- _WORK TO BE COMPLETED_: Transcribe every entry that follows, word for word, and omit the images.

- _DATA FOR ANALYSIS_:
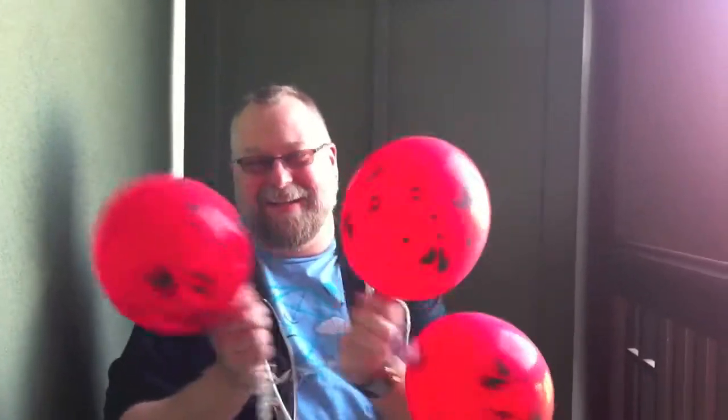And here are our luxurious balloons that we got when we checked in. So to demonstrate how close our room is to California Adventure, we're going to walk from our room to the park.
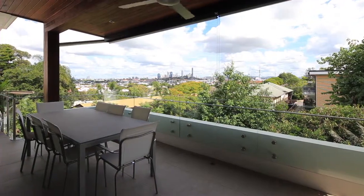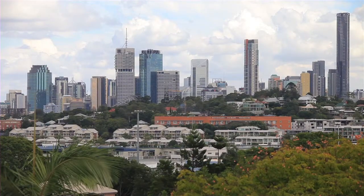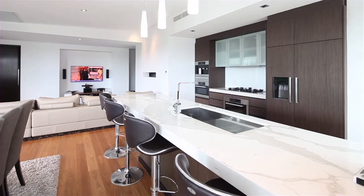This luxurious apartment is set high on Bulimba Hill, capturing amazing views to the city and beyond. Well designed with a high quality finish throughout, a true lifestyle residence.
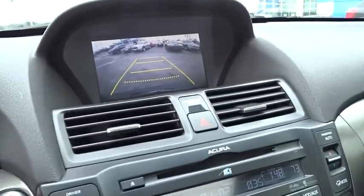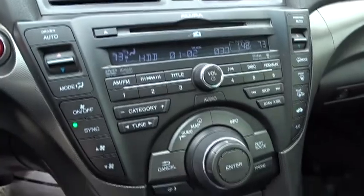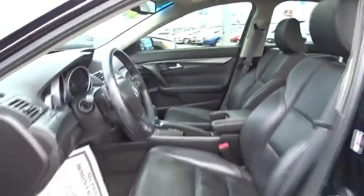Navigation system, traction control, power passenger seat, leather-wrapped steering wheel, dual airbags, power steering, four-wheel disc brakes, center armrest, compass.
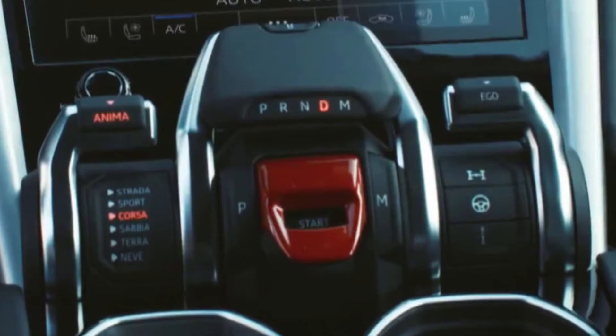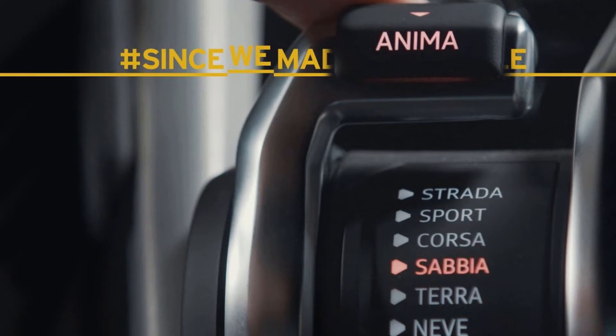The Urus also has six different drive modes — because two or three just isn't enough. Three are dedicated for off-road driving and three are dedicated for regular street driving. The driving modes are displayed in Italian, so in English terms the off-road settings include dirt, sand, and snow, and the everyday modes include street, sport, and track.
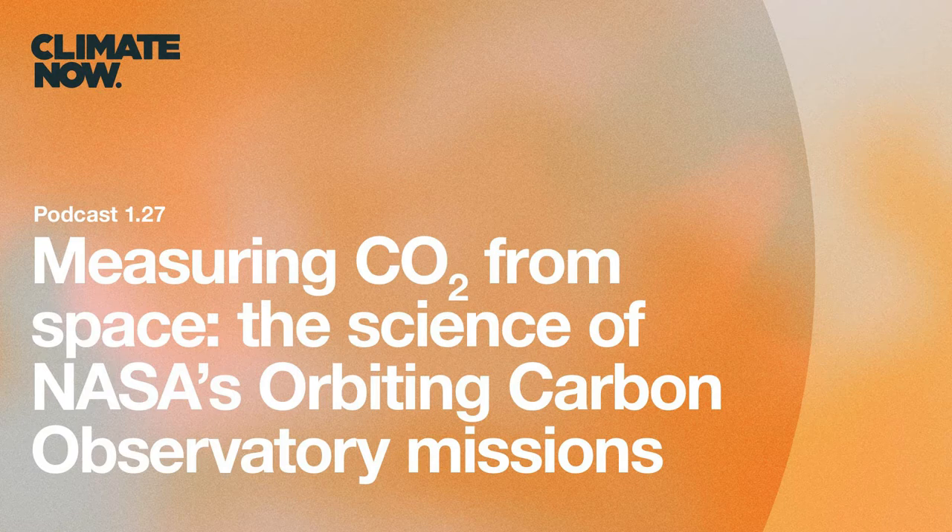She received her PhD in Environmental Engineering Science from Caltech in 1994 with a focus on air pollution and its impacts on visibility in Los Angeles. She's been at the Jet Propulsion Laboratory, JPL, since 1999. Dr. Eldering, thank you so much for taking the time to join us today. We really appreciate it. I'm very excited to be here. Thanks for having me on.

- _TASK RESULT_:
And here are our luxurious balloons that we got when we checked in. So to demonstrate how close our room is to California Adventure, we're going to walk from our room to the park.
This luxurious apartment is set high on Bulimba Hill, capturing amazing views to the city and beyond. Well designed with a high quality finish throughout, a true lifestyle residence.
Navigation system, traction control, power passenger seat, leather-wrapped steering wheel, dual airbags, power steering, four-wheel disc brakes, center armrest, compass.
The Urus also has six different drive modes — because two or three just isn't enough. Three are dedicated for off-road driving and three are dedicated for regular street driving. The driving modes are displayed in Italian, so in English terms the off-road settings include dirt, sand, and snow, and the everyday modes include street, sport, and track.
She received her PhD in Environmental Engineering Science from Caltech in 1994 with a focus on air pollution and its impacts on visibility in Los Angeles. She's been at the Jet Propulsion Laboratory, JPL, since 1999. Dr. Eldering, thank you so much for taking the time to join us today. We really appreciate it. I'm very excited to be here. Thanks for having me on.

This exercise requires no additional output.